Users may ask for an easy to use and intuitive product. The organization may ask
to maintain the margin that was sold. The team members may want work-life
balance and engaging work. Having a clear vision of what is created by the
project, not just product it delivers, ensures a schedule is generated and
created from a zoom out perspective. Will it produce a long-term client
relationship or a once and done result? Will it strengthen employee retention or
cause higher turn-over? Will it allow for additional business for the company
or reduce its market penetration? Finding the balance or perhaps a way to
create a win for all involved is the challenge at hand. Each project has the
possibility to elevate or damage relationships while delivering the product
sold. Creating the schedule outline using the 360 vision is defining the
forest. Once created, gaining alignment allows all involved to have a stake in future
adjustments due to changing circumstances. Additionally, the 360 vision
provides the necessary components to the schedule outline while also providing stakeholder
priorities when changes to the schedule are required.
Be Curious
Building the
detail associated with the project, the bottom-up version, requires a great
deal of curiosity.

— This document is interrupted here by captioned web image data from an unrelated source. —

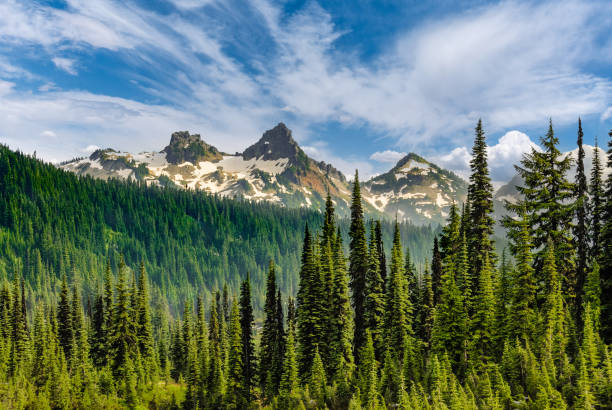 The Tatoosh Range and Sub-Alpine Forest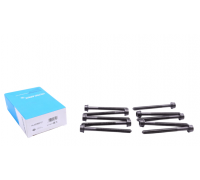 Болти головки двигуна (комплект, 10шт) Volkswagen Passat B6 / Фольксваген Пассат Б6 2.0TFSI 2005-2010 14-32383-01 VICTOR REINZ (Німеччина)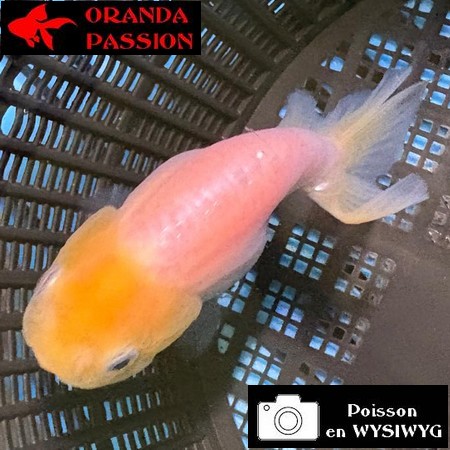 VOILE DE CHINE RANCHU 8-10 cm WYSIWYG BLANC 43BIS
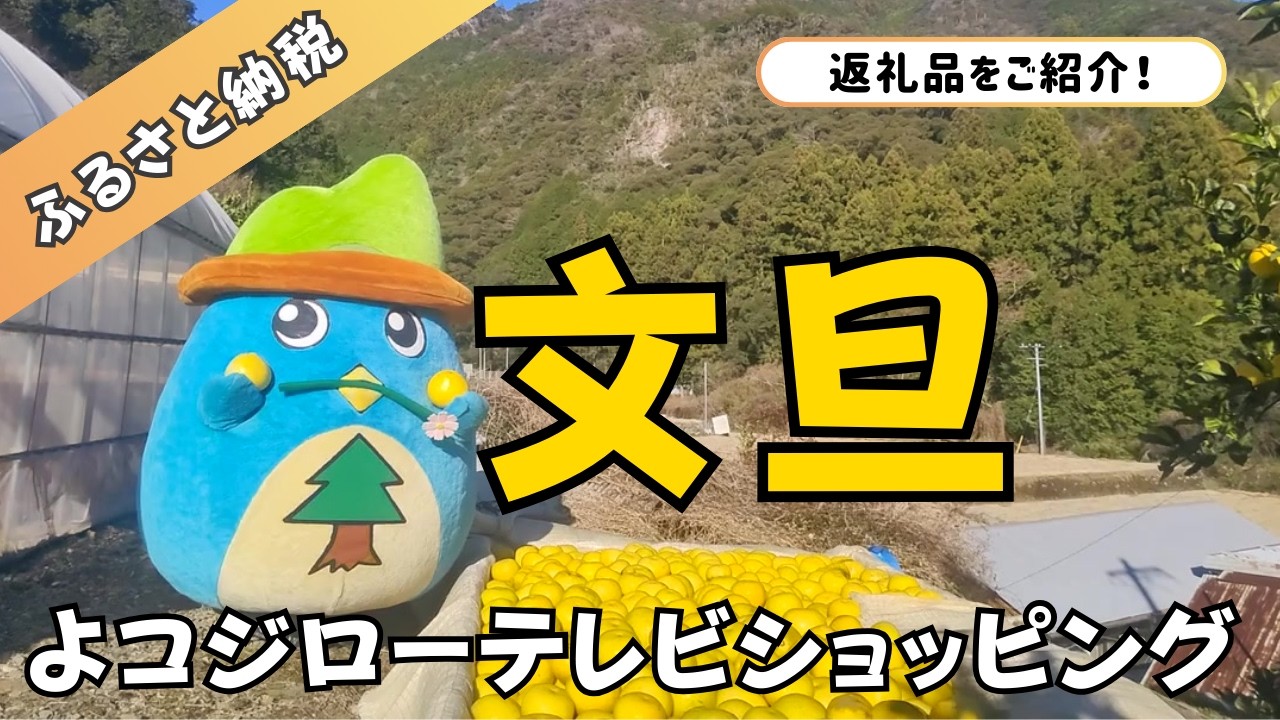 【ふるさと納税】よコジローテレビショッピング【文旦・ぶんたん】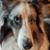 Pattie Wilson Hart's profile image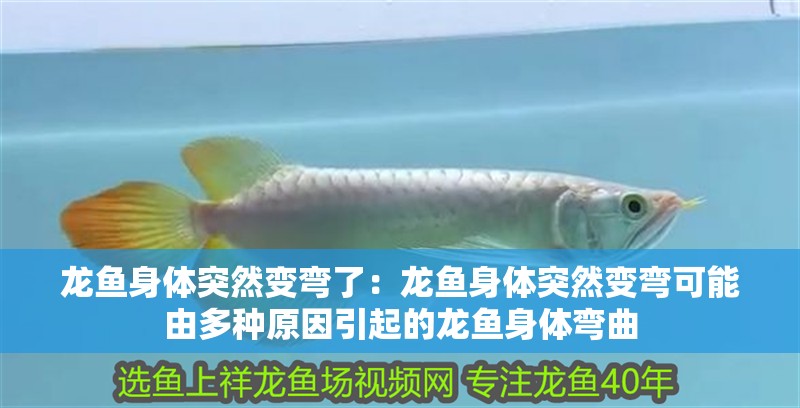 龍魚身體突然變彎了：龍魚身體突然變彎可能由多種原因引起的龍魚身體彎曲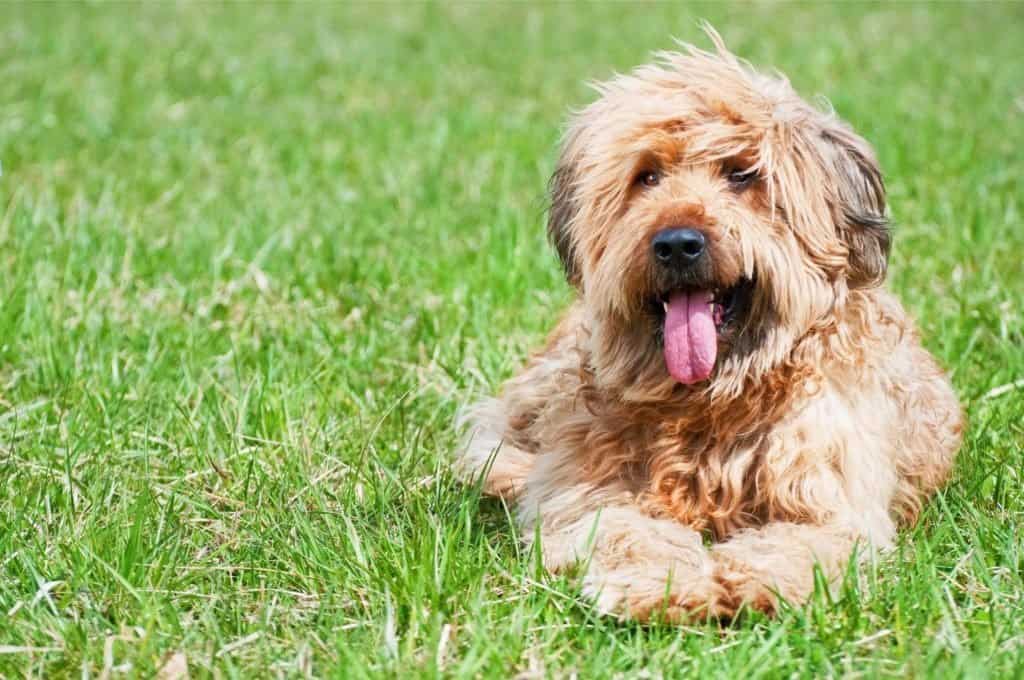 Un Briard sdraiato sull'erba con la lingua fuori.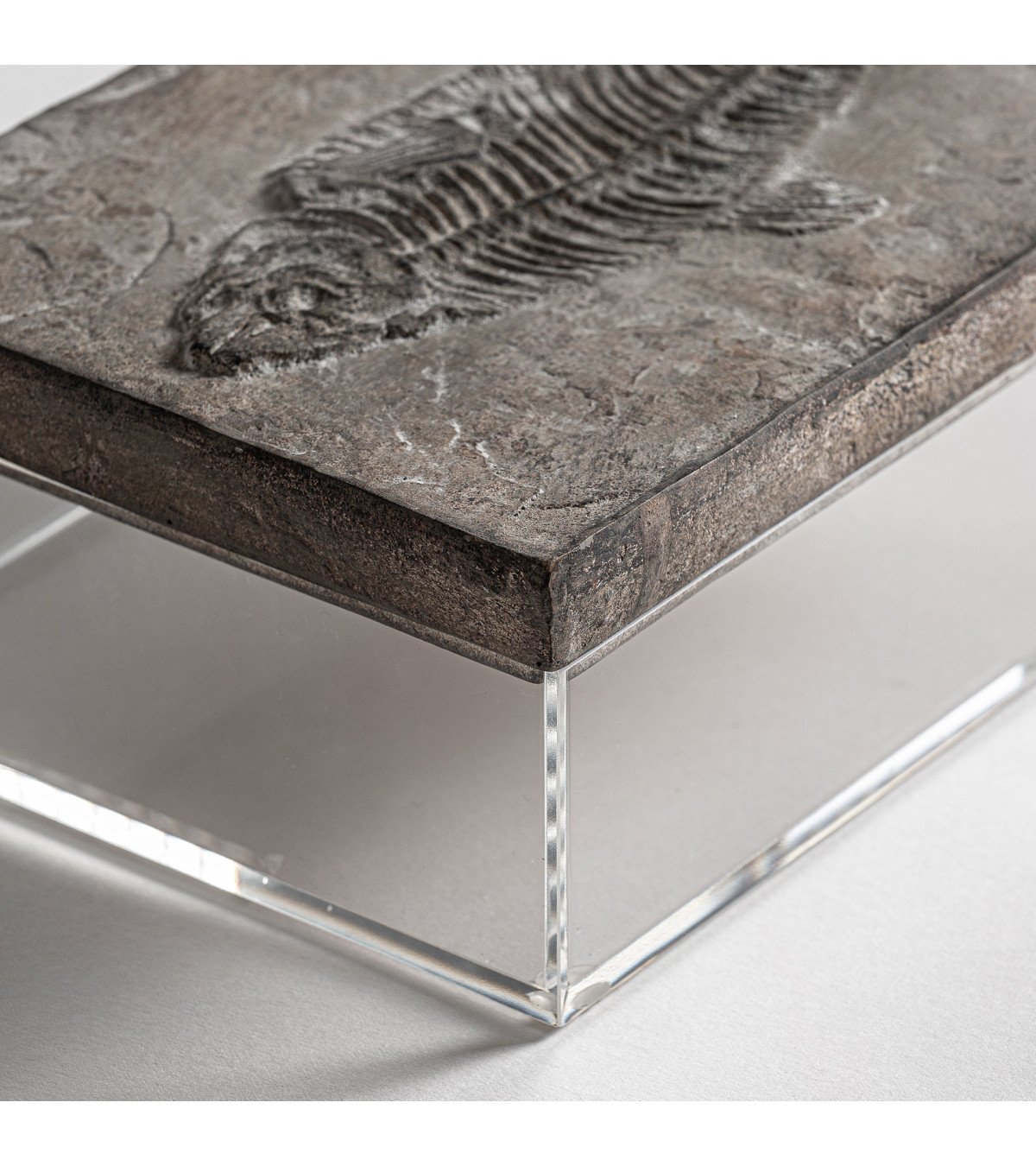 Caja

This is where assumptions can be made without explicitly discussing
them. Hidden assumptions create instability in project schedules. Staying
curious ensures there is no question that isn’t asked and answered in a factual
manner. Uncovering the assumptions allows you to build contingency into the
schedule based on as many unknowns as possible and yes, you may not uncover
everything. The unknowns of a project are not known. Being clear about what is
known versus what is not known ensures everyone has the same information.
Preventing surprises is what is desired and staying curious provides the
foundation to continue to ask questions even when everyone seems to know the
answer. What I’ve experienced is that those who have experience can sometimes
fall into the trap of knowing the outcome, planning for that outcome, and
discovering they made some assumptions that were simply not true. Staying in a
place of not knowing is more productive than coming from a place of knowing the
answers.
Again and
Again
Once the
details have been added to the schedule, the impacts to the outline are
reviewed and the review and update process is underway. The top-down and
bottom-up are adjusted until the plan is agreed upon and, once agreed upon, a
snapshot is taken. The snapshot includes assumptions, decisions, agreements on scope,
and alignment on when the schedule will be revisited for revision to the
snapshot. The project manager then begins the review on a week over week basis.
Zooming in by adjusting tasks, reviewing resources, identifying impacts, and adjusting
the details as needed. Zooming out by reviewing the assumptions made, the scope
agreed to, and seeing what changes may be needed and when. Reviewing the 360
vision and the priorities of the stakeholders and coming back to those
agreements regularly. When circumstances change that require an adjustment to
the schedule which impacts the agreements reached, the project manager can work
with everyone involved to determine the appropriate course of action. An adjustment
to the schedule can be made without surprise and with alignment.